Orson Porter
Okay so I’ve croaked. No biggie. By the time you read this my body will have been consigned to the flames and is now part of the pollution choking the valley.
I fell to Earth on 15 September 1935, my destination a hardscrabble ranch near Otto in a Wyoming county called Big Horn. My education in the Casper public school system was good enough for the Navy where I eventually became a first-class petty officer in a patrol squadron flying the P2V Neptune.
While logging more than 2,000 flight hours patrolling the coasts of the Pacific Northwest and the East China Sea and the Sea of Japan, I became a great radar operator and better radioman. My electronics background landed me a job with Boeing in Seattle where I worked on Bomarc and Minuteman missile systems and then moved to New Orleans where Boeing was building the S-IC.
A few years later I transferred to the Kennedy Space Center and became part of the NASA Saturn V launch team. Our most historic launch was Apollo 11, you may have watched on TV. Belching fire and thunder our big S1C sent that huge rocket and three brave men soaring toward the Moon. I became divorced just before Apollo ended and Boeing told me to hit the bricks.
Hard times until I found a job as captain of a 56-foot Chris-Craft yacht named Sea Boy II. While operating the boat out of Fort Lauderdale, I met a long-legged blond named Anna Maria, a cute refugee from Budapest who became my wife and the love of my life.
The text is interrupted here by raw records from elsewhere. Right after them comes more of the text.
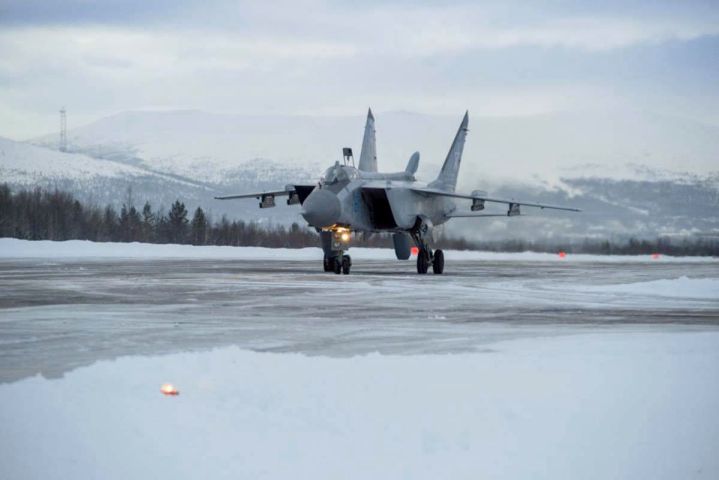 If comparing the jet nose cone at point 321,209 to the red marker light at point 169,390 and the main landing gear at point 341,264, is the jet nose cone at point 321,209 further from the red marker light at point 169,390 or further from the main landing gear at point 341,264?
the red marker light at point 169,390

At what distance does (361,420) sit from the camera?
7.16 meters

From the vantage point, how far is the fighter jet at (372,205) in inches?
1096

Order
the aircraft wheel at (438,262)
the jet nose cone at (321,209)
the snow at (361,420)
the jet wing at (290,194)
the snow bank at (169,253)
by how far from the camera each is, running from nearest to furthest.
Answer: the snow at (361,420) < the jet nose cone at (321,209) < the jet wing at (290,194) < the aircraft wheel at (438,262) < the snow bank at (169,253)

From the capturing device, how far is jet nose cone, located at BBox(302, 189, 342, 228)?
1064 inches

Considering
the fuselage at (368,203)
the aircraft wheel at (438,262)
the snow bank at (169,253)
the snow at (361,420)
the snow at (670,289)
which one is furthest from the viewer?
the snow bank at (169,253)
After a short stint in Arkansas working at a small die-casting plant, I moved my family to Salt Lake City where we nearly starved until I established my own real estate brokerage and appraisal company.
It’s been a long ride in a cheap saddle. I had a really great mom and seven siblings and the youngest of my three sons gave me the cutest granddaughter in the world. During my life, I met a few great individuals, a lot of mostly well-meaning ducks, and too many crooks and con artists. While uncovering a few profound truths I had a lot of giggles debating with an assortment of religious zealots.
This one may be over but I’ll probably be back to repeat the second grade. I love the Lord’s beautiful Earth and all Her beings, I love being alive in God’s amazing universe, and if you want to do me a favor, tell homely girls they’re beautiful and take a kid fishing once in a while.
I am survived by my lovely wife, Anna Porter; my children, Rex Porter (Jennifer), Duke Porter, and Orson Porter (Marisa); and my granddaughter, Leah Porter.